Photo: The Berg Collection, NYPL
Born in Belgium in 1912 and raised in the United States, May Sarton was a writer who mastered various literary forms during her career, from evocative poetry and compelling novels through to a number of deeply introspective journals in her later decades. One of her greatest is Journal of a Solitude, kept over the course of a year as she neared her 60th birthday, living alone in the town of Nelson, New Hampshire, whilst struggling with depression. Gentle, insightful, and beautifully written, it’s a profound exploration of Sarton’s struggles and anxieties, and the solitary existence that both challenged and nurtured her process.
The Diary Entry
[18th January 1971]
A strange empty day. I did not feel well, lay around, looked at daffodils against the white walls, and twice thought I must be having hallucinations because of their extraordinary scent that goes from room to room. I always forget how important the empty days are, how important it may be sometimes not to expect to produce anything, even a few lines in a journal. I am still pursued by a neurosis about work inherited from my father. A day where one has not pushed oneself to the limit seems a damaged damaging day, a sinful day. Not so! The most valuable thing we can do for the psyche, occasionally, is to let it rest, wander, live in the changing light of a room, not try to be or do anything whatever.
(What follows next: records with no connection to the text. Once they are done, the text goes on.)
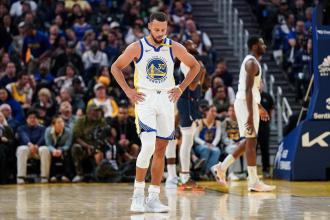 Warriors announce Stephen Curry has left ankle pressure, might be reevaluated Friday Warriors announce Stephen Curry has left ankle pressure, might be reevaluated Friday
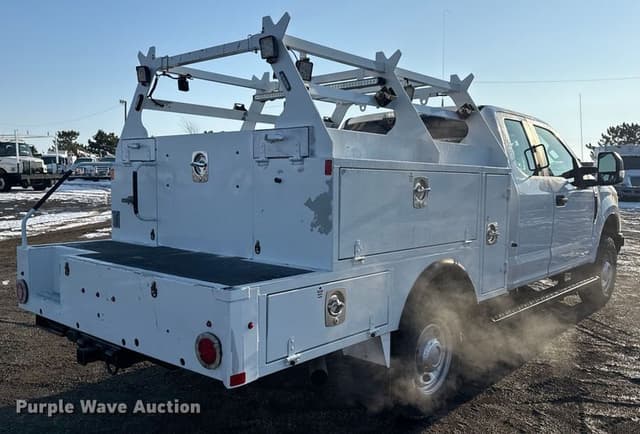 Image of Ford F-250 equipment image 4
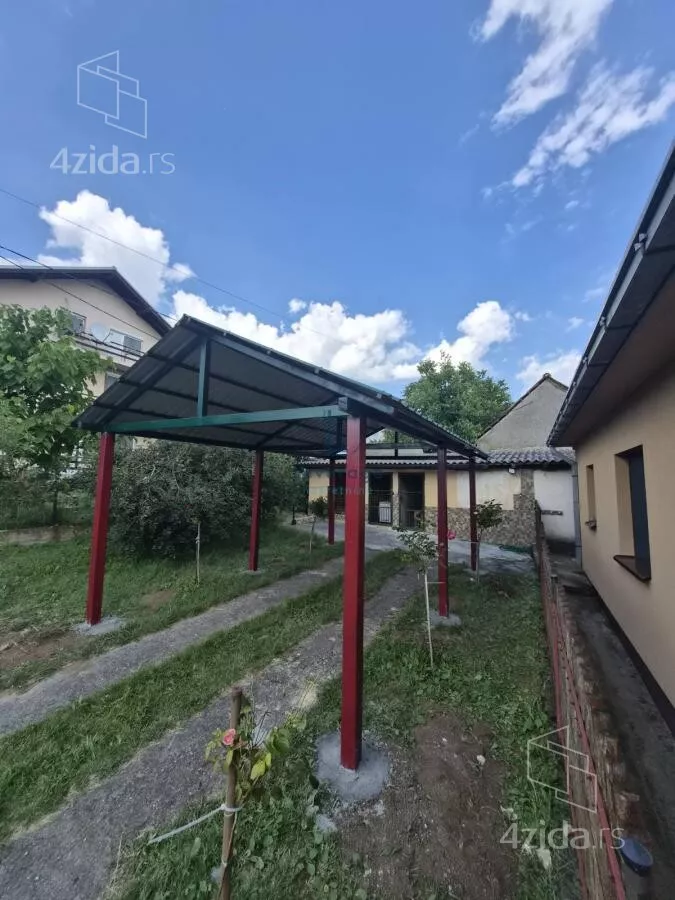Kuća | 4zida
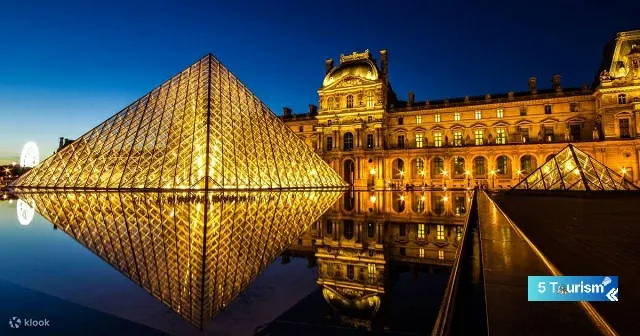 Louvre Museum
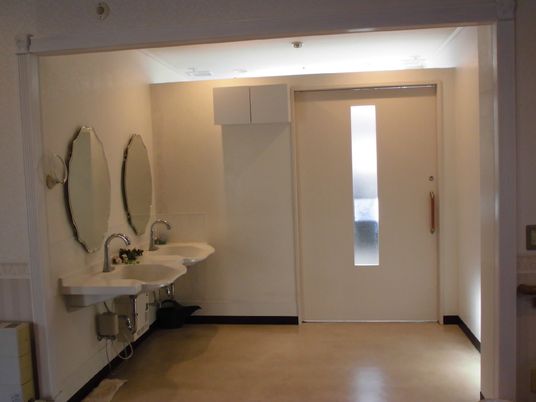 洗面台付き廊下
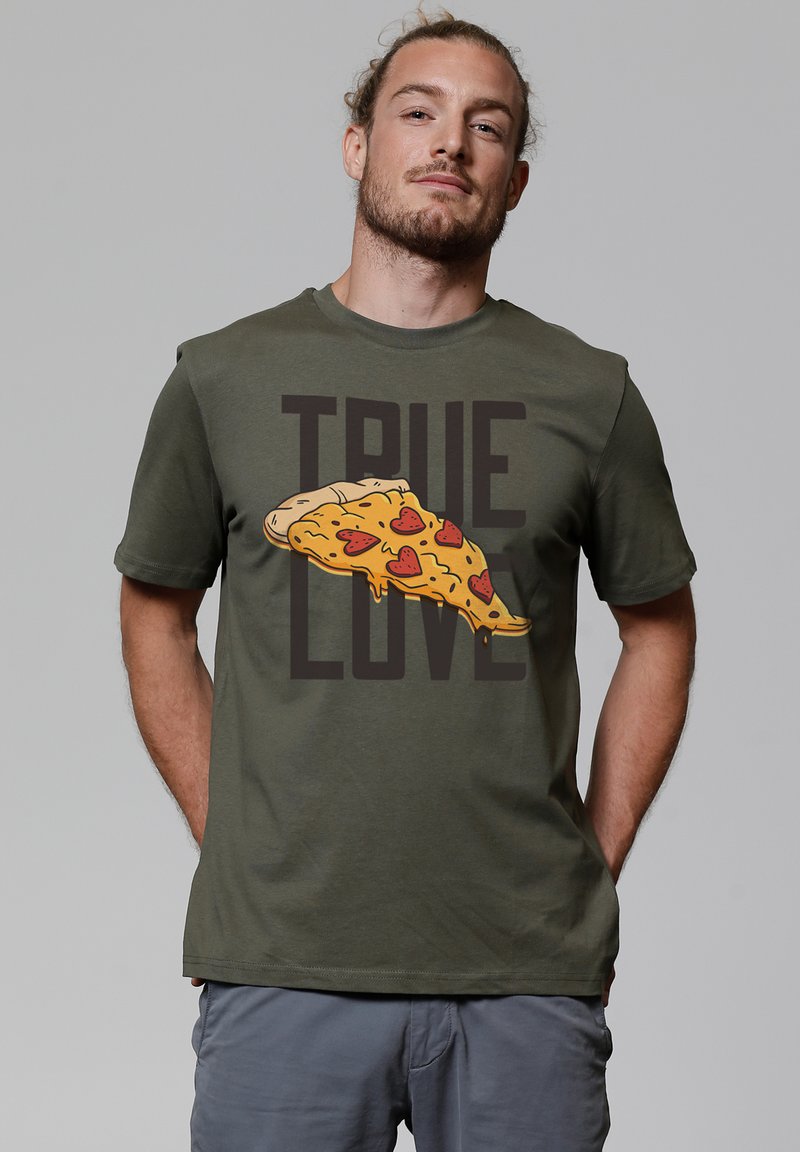 Olijfgroene katoenen t-shirt met een grafisch ontwerp van een pizzastuk met hartvormige toppings en de tekst "ECHTE LIEFDE" in vetgedrukte zwarte letters.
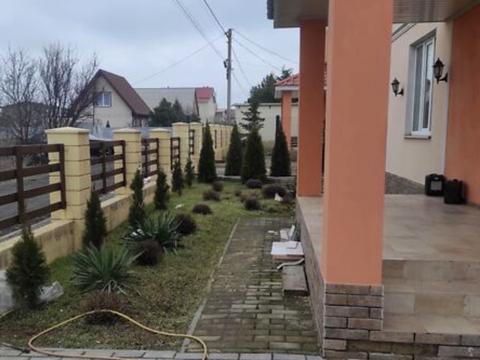 будинок за адресою Київська вул., 1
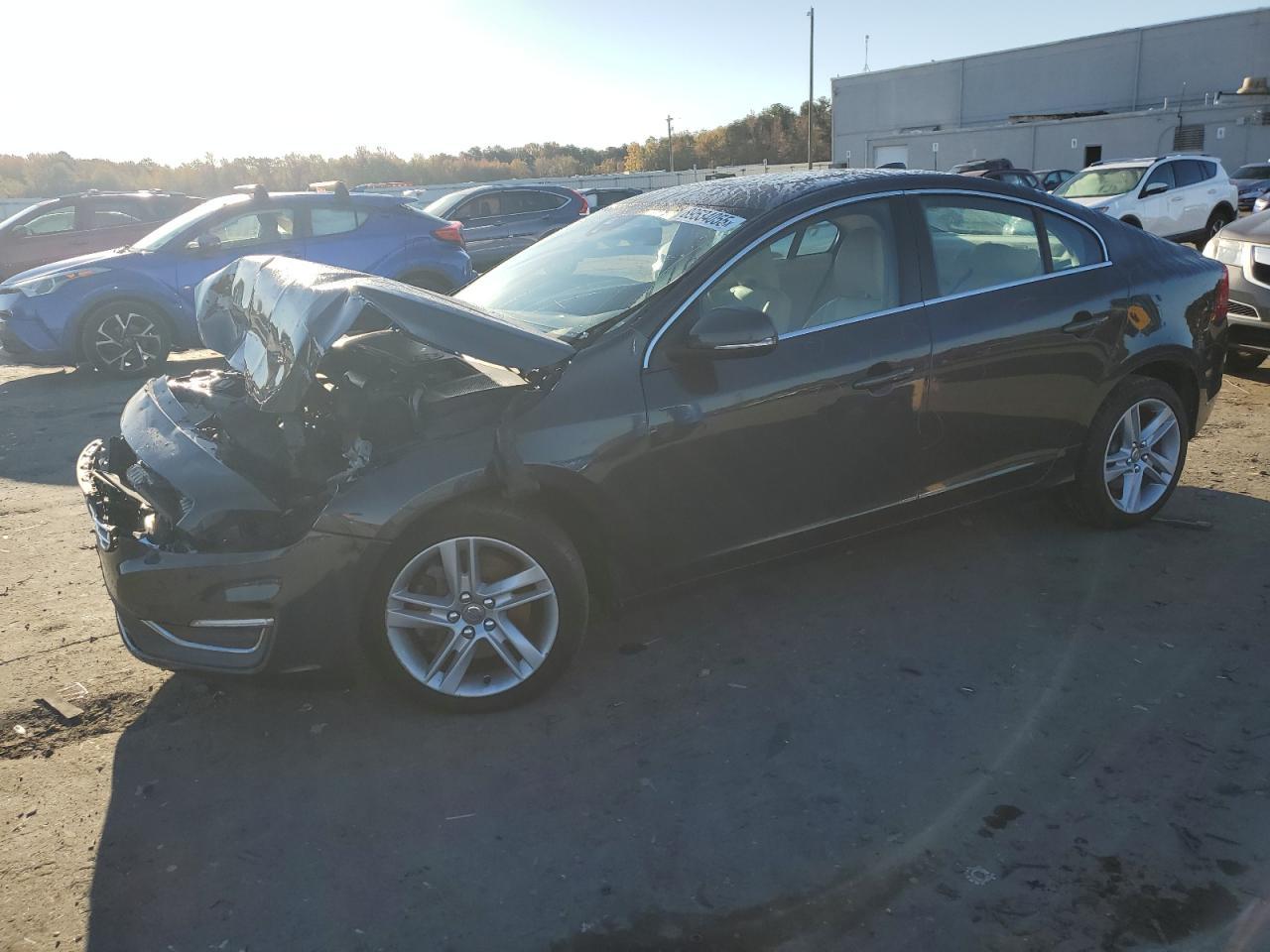 2015 VOLVO S60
Tonight I do feel in a state of grace, limbered up, less strained. Before supper I was able to begin to sort out poems of the last two years … there is quite a bunch. For my sixtieth birthday I intend to publish sixty new poems and, as I see it now, it will be a book of chiefly love poems. Sixty at Sixty, I call it, for fun.
Further Reading
The entry above comes from Journal of a Solitude, which is probably her most famous journal. But there are others, like The House by the Sea: A Journal, Recovering: A Journal, and At Seventy: A Journal, and I would recommend them all.